Caro Marco, la Chiesa è chiamata a stare là dove l’uomo soffre, è vicina con la solidarietà e con la preghiera, con l’annuncio di una presenza, quella di Dio, che attraverso di lei condivide il dolore, si fa prossimo, vicina.

SILENZIO E PIANTO

Davanti alle tragedie umane, come quella dei terremotati, si possono dire molte parole: si additano i responsabili, si numerano le inadempienze, si fanno indagini geologiche…, ma le parole che sgorgano dal cuore sono il silenzio e il pianto. Come quel giorno sul Golgota quando si fece buio su tutta la terra e un uomo innocente, Dio, fu crocifisso: quel silenzio e quel pianto si rinnovano e svelano una domanda che rimane sospesa e non ha una risposta immediata. La Chiesa prega, noi preghiamo davanti al dolore immenso dei terremotati affidando al Padre delle misericordie quei fratelli che già sono giunti, inaspettatamente, alla sua presenza perché li accolga nel suo abbraccio di misericordia. Ma preghiamo anche per coloro i quali non hanno più nulla e soprattutto sono stati privati dell’affetto dei loro cari: possano sentirsi sostenuti dalla forza del Signore e dalla vicinanza dei fratelli che si fanno, per loro, mano e cuore provvidente. Con la preghiera ci facciamo voce di chi non ha più voce, come gli oranti della Bibbia i quali hanno elevato a Dio le loro suppliche, le loro sofferenze e i loro drammi. Essi hanno gridato il loro dolore sino a trapassare i cieli. L’elevazione del proprio dolore e quello degli altri, è la preghiera più autentica: è affidarsi e affidare a Colui che è il solo che può raccogliere nel suo otre le lacrime del mondo perché siano accolte, amate, portate, salvate.

ANCHE DIO PIANGE

La preghiera non risolve certamente la tragedia, ma la rende abitata da Dio, perché in ogni dolore Lui è presente. Davanti a questa, come ad altre tragedie, la domanda è: dov’è Dio? E Lui continua a rispondere di essere lì con quei terremotati, con tutti i crocifissi del mondo, in quelle sofferenze che ha portato su di sé. La storia continuerà il suo corso, scriverà il frutto delle mani degli uomini, della loro intelligenza e delle loro inadempienze, della bontà e della malvagità. In essa rimarranno anche tante donne e uomini con le braccia alzate in un atteggiamento di intercessione, come Mosè. Siamo intercessori tra Dio e gli uomini, in mezzo, per affidargli tutta l’umanità, tutta la potenza del male, che ha diversi nomi e luoghi; in mezzo per affidare ogni fratello perché Dio continui a usare misericordia. Nelle tragedie l’uomo piange, ma anche Dio soffre e piange, perché ogni suo figlio è “l’amato”, l’unico. Il Dio di Gesù continua a portare sulle sue mani il mondo lasciando la libertà agli uomini di abitarlo e renderlo o un giardino o un deserto. Pregare è rendersi responsabili di ciò che abbiamo ricevuto: la terra, la vita… e adoperarsi perché tutti possano vivere in condizioni umane, da figli e fratelli, uscendo dall’individualismo per aprirsi alla solidarietà e alla condivisione. La preghiera non rinchiude in un mondo intimistico, ma quando è autentica è una scuola di fratellanza, è un processo che fa passare dall’io al noi e che genera un nuovo umanesimo.

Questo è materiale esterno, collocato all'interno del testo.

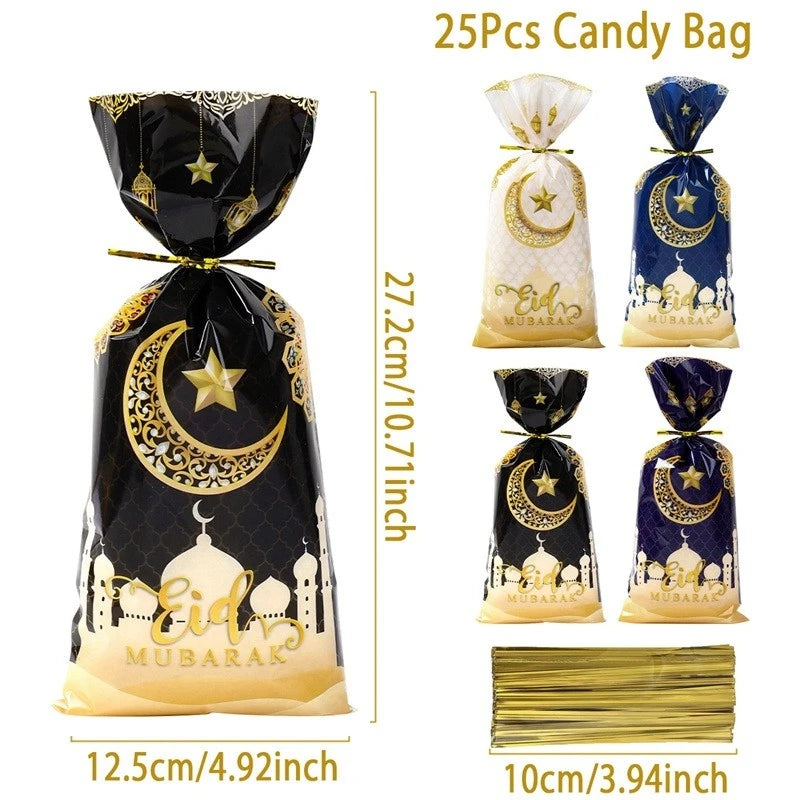 Eid Mubarak Gift Bags Plastic Candy Cookie Bag Ramadan Kareem Decoration 2025 Islamic Muslim Party Supplies Eid Gifts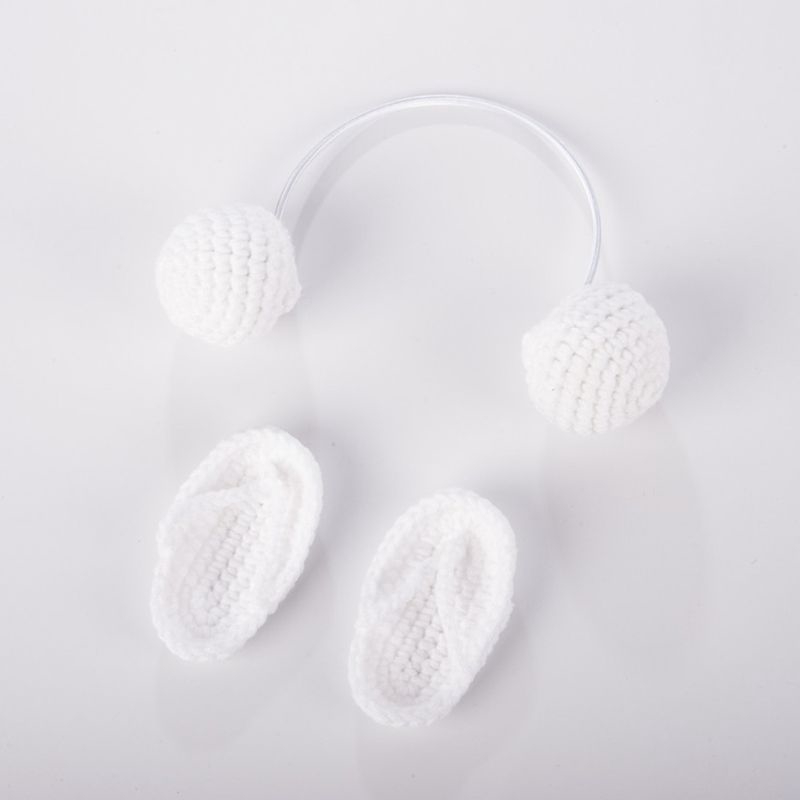 Bộ dép và tai nghe bằng len dệt mini dùng chụp ảnh dành cho bé sơ sinh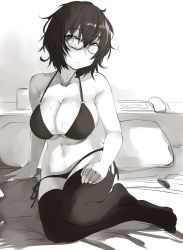 Rule 34 | 1girl, arm support, bad id, bad twitter id, bare arms, bare shoulders, belko, bikini, blush, breasts, cleavage, closed mouth, artistic error, getsuyoubi no tawawa, glasses, greyscale, large breasts, looking at viewer, messy hair, monochrome, on bed, pillow, short hair, sitting, solo, sweat, swimsuit, thighhighs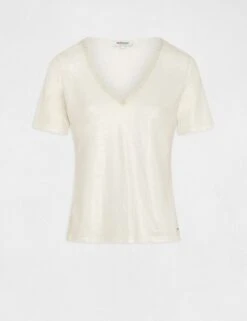 T-shirt Manches Courtes Col En V Ecru Femme -EllePort Soldes t shirt manches courtes col en v ecru femme vue3 32536300939110201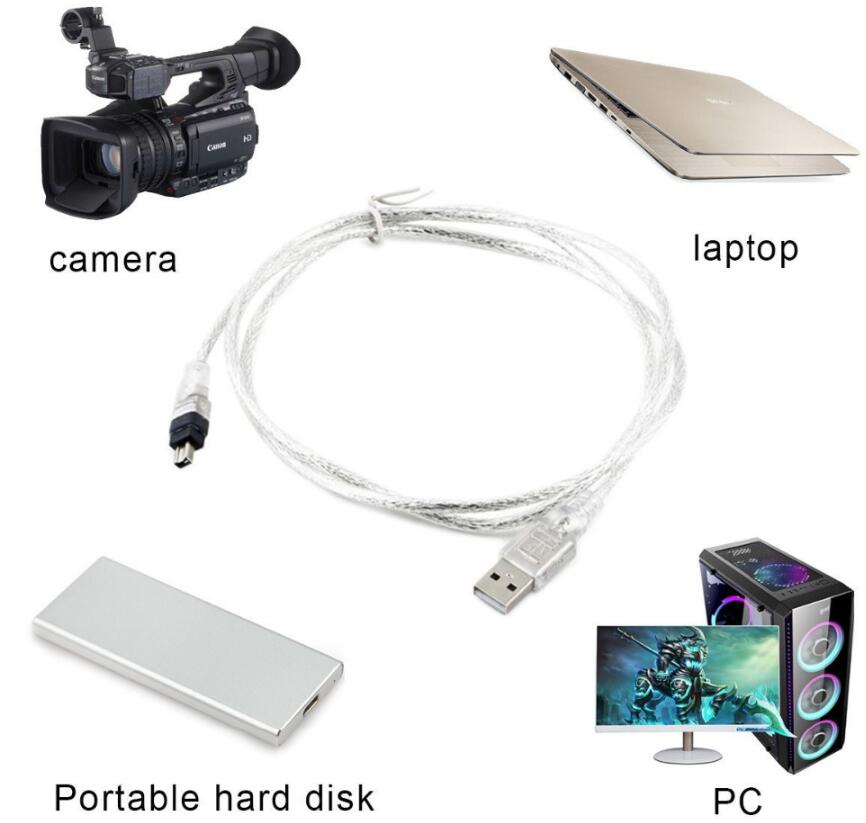 Lbsc usb datakabel, ieee 1394 4 pin til usb mini plug firewire til mini dv hdv videokamera til redigering 1.4m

La solidarietà che è nata dalla tragedia di questo terremoto continui nel tempo e trovi la sua sorgente e forza in quella relazione fondante che nasce dal rapporto filiale con il Padre, nel Signore Gesù che ci chiama ad essere strumenti e collaboratori della sua opera di salvezza attraverso il nostro servizio incondizionato ai fratelli. Cristo non ha mani, ha le nostre, che si innalzano per pregare e si abbassano per servire.